PROVIDED MATERIAL:

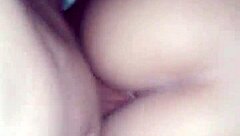 dandole de perrito en el hotel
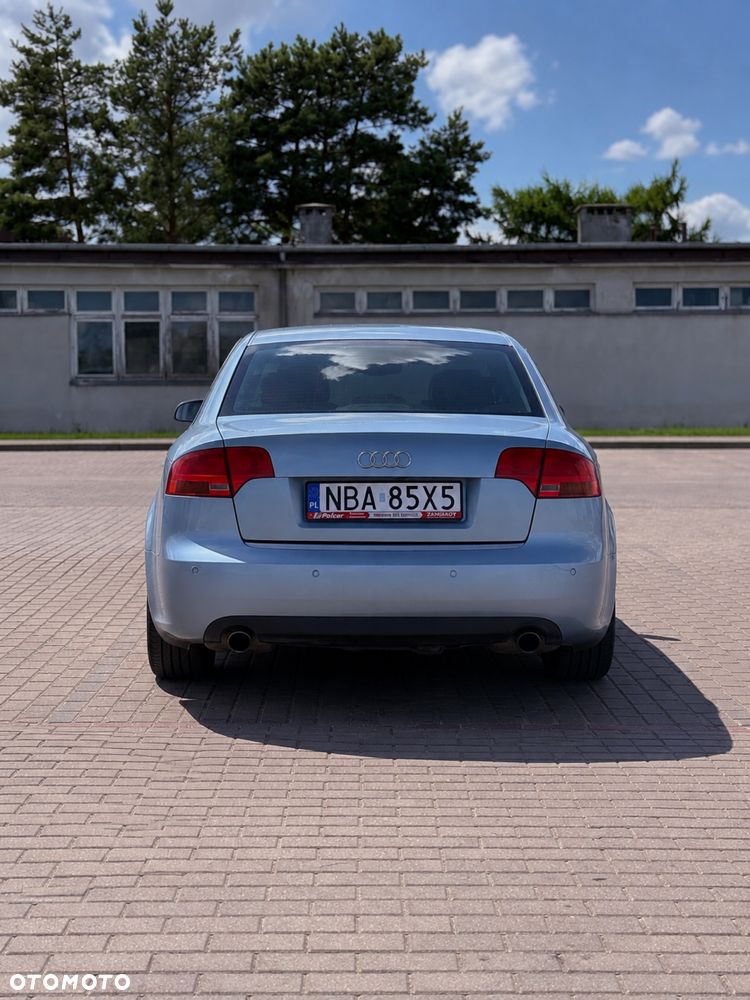 Audi A4 Limousine - 3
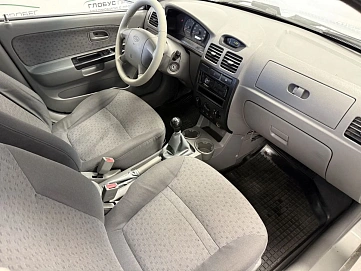 Kia Rio, 2004г, передний привод, механика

WORK ORDER: In the copy you return, include exactly the lines from the one containing "Audi A4 Limousine - 3" through the final line of the listing, and no pictures.

ANSWER TO THIS EXERCISE:
 Audi A4 Limousine - 3
 Kia Rio, 2004г, передний привод, механика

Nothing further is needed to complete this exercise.